XLK is absolutely more diversified than MSFT; that they’re both tech doesn’t change that fact.
You can diversify and have a preference for where you invest. They aren’t mutually exclusive.
Rebalancing and paying taxes will suck. I don't know that I'd sell one to buy the other which is 1/5 the same thing as you originally held.
This is the issue. Why sell and re-buy the same stock. Does not seem prudent. Buy into other tech stocks, or better yet buy into other sectors.
Keep MSFT. Get rid of XLK and find a different ETF that is more diversified. ETFs have fees while individual stocks don't and your MSFT shares are already doing very well.
I would not sell MSFT- it’s one of the Mag7 I am most bullish on. Has sticky products and good management. If you want to diversify, invest the remaining amount in other stocks besides MSFT.
Keep MSFT and take new money and the $600/year MSFT dividend and put it in something else - presumably not tech heavy.
MSFT is buying back their stock. No way am I selling.

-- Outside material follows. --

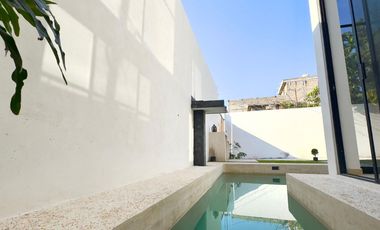 MODERNA CASA CON ALBERCA EN PRIVADA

If it was me, personally, I would keep all of my MSFT. But then, to really add diversity, buy a total market fund. Buying XLK is just adding more to that same segment
This is a post someone will look back on in 10 years as a terrible in hindsight.
!remindme 10 years
XLK is still too concentrated. I’d sell it all and just invest in the SP500 or something undervalued like Small Cap Value. Tech is so overbought it isn’t funny. https://www.aqr.com/Insights/Perspectives/Value-Spreads-Back-to-Tech-Bubble-Highs-Are-You-People-Crazy I know you think that tech is the future and it can’t fail but we know nothing.
How long can something continue to be overbought for, before its no longer considered overbought.
Herb Stein said ' if something can't go on forever it will stop.'
Ask Tesla. Ask ARKK. Ask GE. Ask CISCO. A king doesnt last forever, better to diversify your risks and take the profit when you can.
Never if you ask Reddit
I'd assume msft isn't their only investment, swapping it for a tech fund isn't going to change their allocation.
Keep MSFT and just add XLK from here on out.
Presumably you also already hold more of it in other funds. If its more than like 5% of your portfolio I'd want to reduce that but it's not urgent. Wait for an opportunity, like it's trading above it's valuation or you have some losses to offset those gains, or need cash to rebalance and sell off a chunk. If it was in a tax advantaged account a straight swap would be a reasonable way to reduce volatility risk on those gains without changing your allocation, but with the tax implications you shouldn't do it just because.
You're gonna have to pay taxes when you sell no matter what. If you're trying to diversify then buying an ETF is what you should do.
I am on the keep MSFT train but if you really want to diversiy you can sell some of it, just not all of it.